_Exercise_
Beginning at the line that contains "Der Fahrer wurde", repeat each line exactly through the last one of the records below, and leave out the pictures.

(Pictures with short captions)
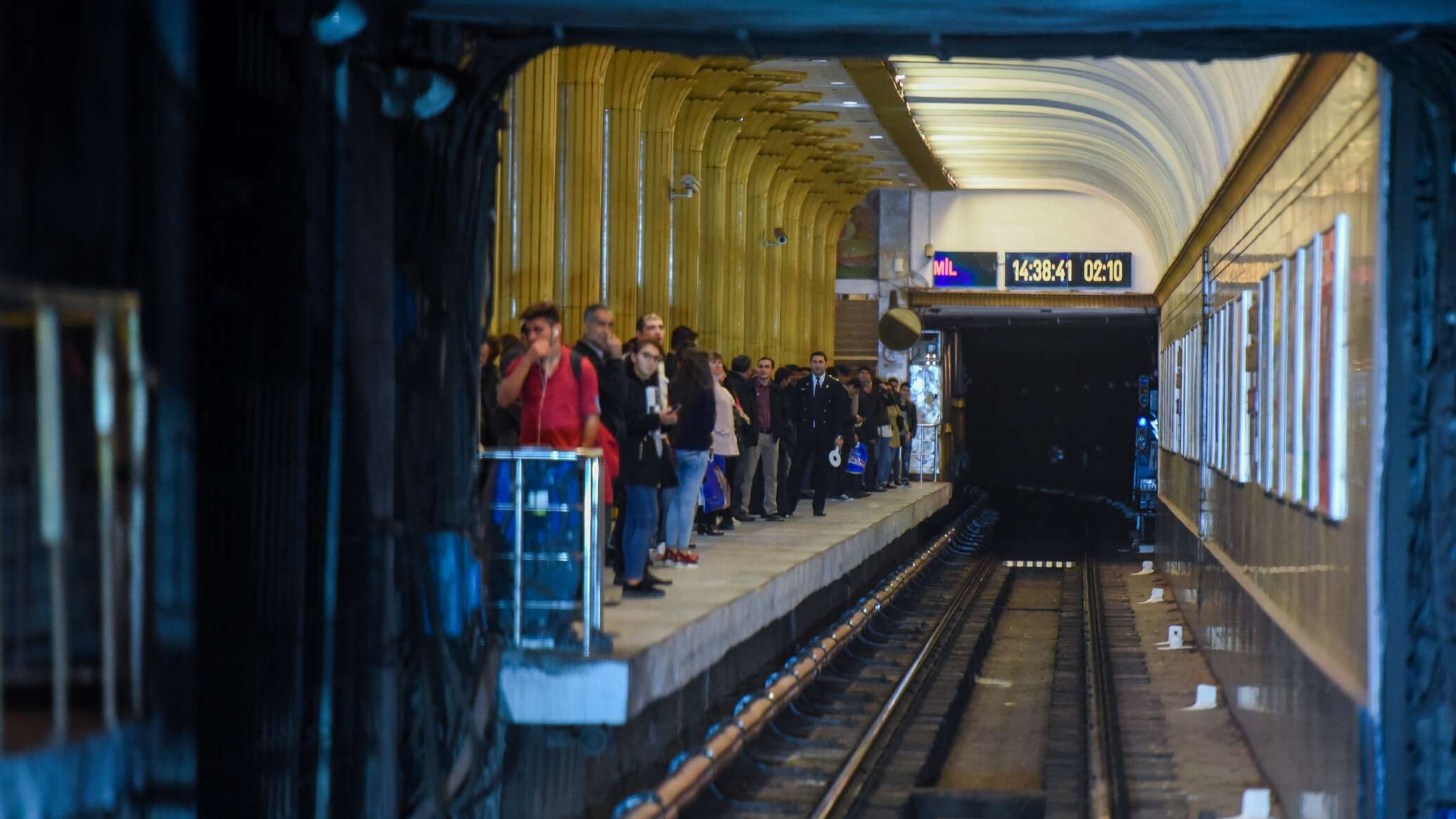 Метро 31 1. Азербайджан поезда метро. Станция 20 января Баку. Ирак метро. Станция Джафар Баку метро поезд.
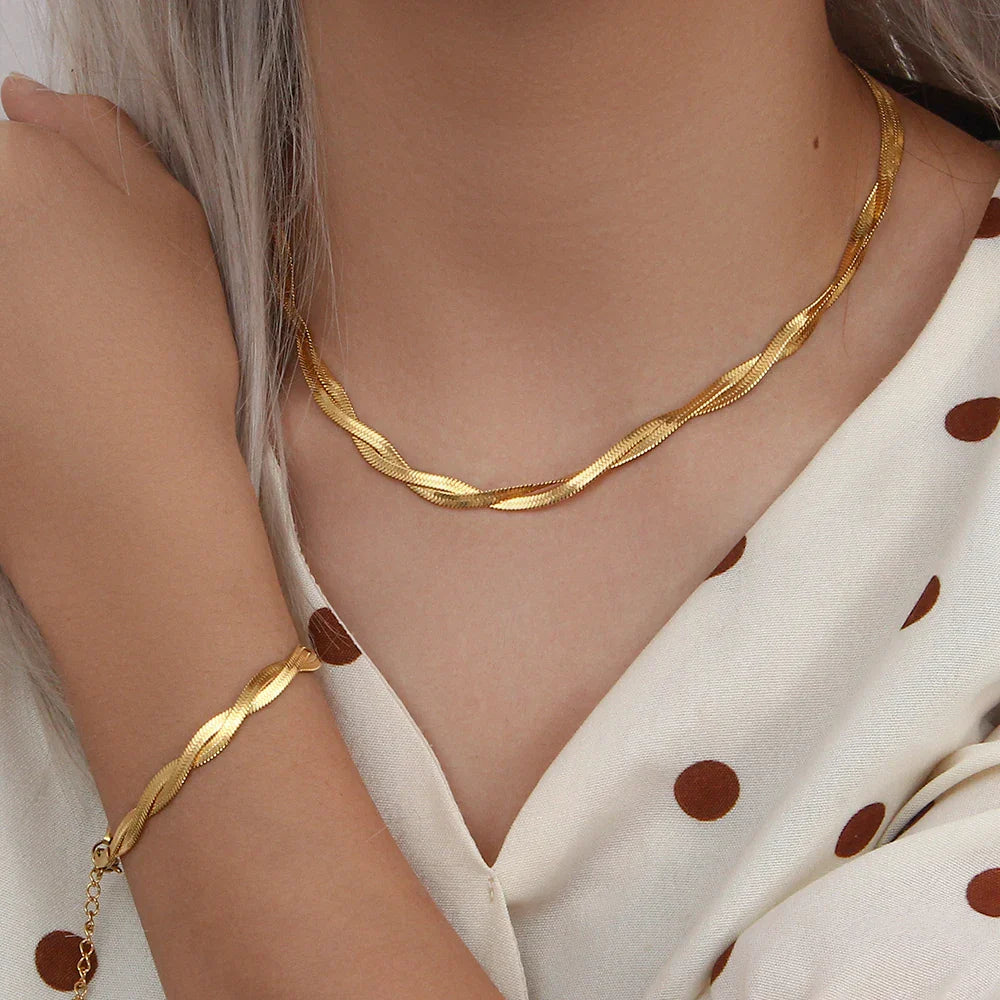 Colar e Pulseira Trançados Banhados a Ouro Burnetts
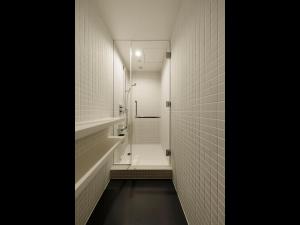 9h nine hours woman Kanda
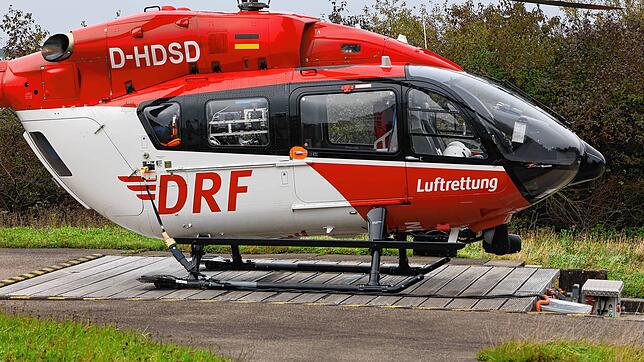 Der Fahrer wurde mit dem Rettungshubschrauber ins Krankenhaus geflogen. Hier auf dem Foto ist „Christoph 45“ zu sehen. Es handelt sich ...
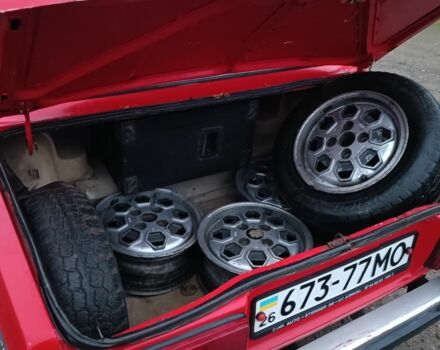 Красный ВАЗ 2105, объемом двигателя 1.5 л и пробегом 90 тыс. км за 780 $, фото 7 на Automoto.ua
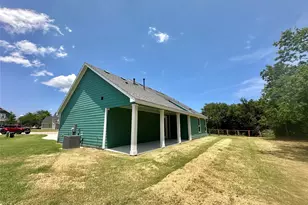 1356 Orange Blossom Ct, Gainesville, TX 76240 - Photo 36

_Written response_
 Der Fahrer wurde mit dem Rettungshubschrauber ins Krankenhaus geflogen. Hier auf dem Foto ist „Christoph 45“ zu sehen. Es handelt sich ...
 Красный ВАЗ 2105, объемом двигателя 1.5 л и пробегом 90 тыс. км за 780 $, фото 7 на Automoto.ua
 1356 Orange Blossom Ct, Gainesville, TX 76240 - Photo 36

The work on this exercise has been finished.